I often hear teachers say they have students who are "great decoders" and "poor comprehenders." I decided to investigate this phenomenon. I waved some $50 bills at a teachers' meeting and offered $200 to anyone who could find such a student for me who was NOT clearly an ELL case or a student with cognitive challenges.
I asked them to discriminate by using a simple task: take an example of text that the child can readily "decode" but can't "comprehend." Read the text to him or her, and do some oral comprehension items.
If the child can't answer the ORAL comprehension questions, you are not looking at a "reading" problem -- you have a language problem. Maybe vocabulary, maybe background knowledge, maybe receptive language comprehension generally --but not "reading."
On the other hand, if you have a child who understands material read aloud at a high level, but can't READ that text, you (usually) have a decoding problem.
We had a principal who used to tell staff that the school had lots of "great decoders" who were "poor comprehenders." (I think they tell them this stuff at principals' meetings.)
One year we tested the entire middle school (1:1 testing, more accurate). Guess what we found? We had NO students who were "great decoders" but "poor comprehenders," except for a few individuals in the recent immigrant or intellectually disabled group. We had DOZENS -- maybe a hundred -- kids who were poor DECODERS -- in almost every instance, they did not know vowel sounds, vowel digraphs/teams, or how to sound out multisyllable words. EVERY SINGLE KID said that their "strategy" for figuring out an unknown word was to "look at the first letter and guess." Now, where did they get that idea?
Something about DATA, as opposed to perception, changed attitudes. The principal started to encourage teaching decoding skills (without neglecting other important areas). Teachers became more aware of the need to teach kids to sound out words, to learn morphemes, word parts, and strategies for combining and disassembling them.
Now when we find kids who decode adequately, but are poor comprehenders, we usually see issues of rate and fluency. Children in eighth grade reading sixty words per minute can't keep up (Heck, sixty wpm won't cut it in FOURTH grade). So we work on that.

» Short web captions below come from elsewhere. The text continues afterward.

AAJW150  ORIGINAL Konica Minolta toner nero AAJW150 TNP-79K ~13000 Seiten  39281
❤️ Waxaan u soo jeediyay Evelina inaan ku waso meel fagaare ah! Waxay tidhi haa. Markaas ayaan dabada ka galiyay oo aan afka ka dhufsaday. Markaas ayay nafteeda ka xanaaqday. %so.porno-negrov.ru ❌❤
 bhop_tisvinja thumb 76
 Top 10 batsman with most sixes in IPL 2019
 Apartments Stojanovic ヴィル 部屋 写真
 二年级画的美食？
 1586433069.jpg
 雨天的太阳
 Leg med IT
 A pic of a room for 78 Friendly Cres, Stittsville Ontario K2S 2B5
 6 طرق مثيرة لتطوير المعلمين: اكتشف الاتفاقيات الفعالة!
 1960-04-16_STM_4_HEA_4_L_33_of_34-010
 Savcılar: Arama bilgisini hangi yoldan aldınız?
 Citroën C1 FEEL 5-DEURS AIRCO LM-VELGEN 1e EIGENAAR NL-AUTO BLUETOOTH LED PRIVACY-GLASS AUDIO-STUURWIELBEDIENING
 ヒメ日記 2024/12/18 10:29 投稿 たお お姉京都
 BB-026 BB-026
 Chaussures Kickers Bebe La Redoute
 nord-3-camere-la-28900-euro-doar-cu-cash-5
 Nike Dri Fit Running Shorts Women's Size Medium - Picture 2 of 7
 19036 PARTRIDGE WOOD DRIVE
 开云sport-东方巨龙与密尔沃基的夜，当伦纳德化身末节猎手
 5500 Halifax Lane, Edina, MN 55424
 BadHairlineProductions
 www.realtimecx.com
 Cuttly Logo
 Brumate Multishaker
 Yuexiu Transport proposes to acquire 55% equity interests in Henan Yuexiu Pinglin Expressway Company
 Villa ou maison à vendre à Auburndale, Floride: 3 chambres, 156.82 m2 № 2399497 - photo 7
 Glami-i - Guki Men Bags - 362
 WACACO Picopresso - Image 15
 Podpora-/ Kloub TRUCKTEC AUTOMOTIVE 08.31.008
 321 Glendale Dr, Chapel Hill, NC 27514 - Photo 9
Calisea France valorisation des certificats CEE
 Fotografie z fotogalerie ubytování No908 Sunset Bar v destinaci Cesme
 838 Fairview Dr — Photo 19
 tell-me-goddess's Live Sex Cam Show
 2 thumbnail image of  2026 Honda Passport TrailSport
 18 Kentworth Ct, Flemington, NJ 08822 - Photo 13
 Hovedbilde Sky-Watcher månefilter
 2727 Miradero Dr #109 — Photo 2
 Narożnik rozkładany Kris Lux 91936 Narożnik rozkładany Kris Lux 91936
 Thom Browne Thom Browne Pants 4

Stanovich somewhere put out a call in The Reading Teacher for data on students who were "great decoders" who could not understand what they read, and he got no useful case studies. Most students whom teachers refer to as "great decoders" are actually nothing of the kind -- if you measure what they do, they often lack critical decoding skills and read relatively slowly, so that the meaning of complex text gets lost in the effort required.